1 Ex-UMNO ministers has stepped forward to admit to vote buying. But there are many more such ministerial ranking material in both the current Bn and PR line-up who should add strength to the allegation of vote buying-where are they?
‘Umno guilty of vote buying’
Amanah deputy president and former Umno minister Abdul Kadir Sheikh Fadzir admits BN had bought votes before and that it was common knowledge.
The Angkatan Amanah Merdeka (Amanah) deputy president and former tourism minister Abdul Kadir Sheikh Fadzir said it was “common knowledge” that such corrupt practices occurred, especially among his Barisan Nasional (BN) colleagues.
And now, Kadir is calling on the BN government to do away with vote buying during elections, a practice he admitted has happened in the past.
“Amanah has asked that there should be no ‘distribution of cash’ to buy votes. It is now common knowledge that two, three, days before voting day, some political parties go about with cash (to bribe voters),” he told FMT.
Kadir said it was an Amanah consensus that all government parties should be strictly prohibited from such practices to ensure free and fair elections.
Asked if he was pointing to political parties from both sides of the political divide, he plainly said: “No, basically we’re talking about the government parties.
“Opposition parties mana ada duit (where do they have the money?) I can say that a lot of BN members are perpetuating such acts.”
On electoral reforms, Kadir said that Amanah fully supports the call for a “care-taker” government to take over the administration of the country at least three months before the dissolution of Parliament.
“This is so all government agencies will be neutralised at this point. When election comes, government machinery cannot be used to support the ruling coalition. Government funds for election should not and cannot be used,” he said.
Kadir also said that it was “obvious” that the opposition had very limited access to the media.
“We (Amanah members) have agreed; it is so obvious that the opposition has no access to the mainstream media, that is not fair. We must ensure that there is fair access,” he said.
Kadir also said that the delineation of constituencies has to be properly discussed so that it would be “very fair” to all parties, and that should be the next priority.
He said that Amanah, the new NGO led by Umno veteran Tengku Razaleigh Hamzah, was fully committed to “returning the country to the rakyat”.
“When we achieved Merdeka, it was the rakyat who got the independence, not Tunku (Abdul Rahman), not even the Sultans. Therefore free and fair elections, which were there during the time of our founding fathers, should be returned.
“The spirit of our founding fathers and the rakyat’s rights have been hijacked along the way,” he said.
He reiterated Amanah’s stand that the Parliamentary Select Committee for electoral reforms should revamp the system before election is called as there is “ample” time before the government mandate expires in 2013.
Khairy wants proof
“If he makes such accusations, he has to come up with proof.
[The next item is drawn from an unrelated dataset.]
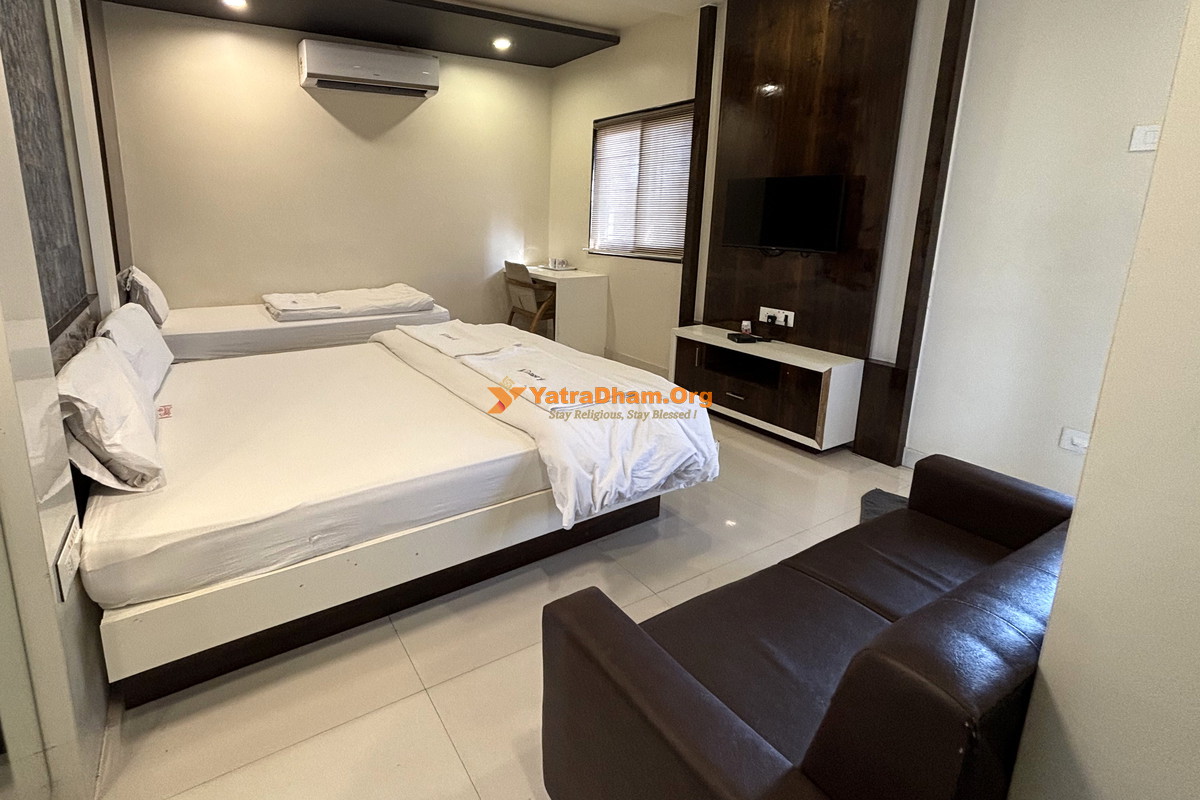 Hotel Ajinkyatara Akkalkot 3 Bed Room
He has been a minister for a very long time, a very senior politician; he should furnish us with proof,” said Khairy, who supported call for the general election to be called after PSC has come up with recommendations.
Kadir, when asked if he would furnish proof of existence of vote buying, said he would not respond immediately as there was ample time to do so.
Meanwhile, Bersih 2.0 steering committee member Wong Ching Huat commended Kadir’s admittance and called for Amanah to take it one step further by pushing for investigations on “un-investigated” cases of vote buying.
“I welcome his honesty. I hope that people who know about this, people who are formally involved, would come out as star witnesses,” said Wong.
He said law enforcement needs to take place, and urges Amanah to also stand up and put pressure on several “unsolved” cases, citing Sarawak as an example.
On having a “care-taker” government, Wong said that a “neutral” caretaker government would be possible, but might be quite hard to implement.
However, he suggested that the more feasible, and realistic, execution of such an idea is to extend the campaign period and to prohibit any promise or spending of monies in areas where election is held.
“The government should not announce any distribution of funds unless for emergency purposes. And if any, then all political parties should share the limelight; that would be fair. And this would kill off a lot of abuses,” said Wong.
He added that Bersih 2.0 believes in the need to have an Administrative Neutrality Act, where a clear line would be drawn to criminalise any conscious and deliberate effort to abuse state resources for partisan gain.
“For example, if you allow usage of a community hall to one party, and decline usage to another party without any justifiable reasons, then you can be punished,” he said.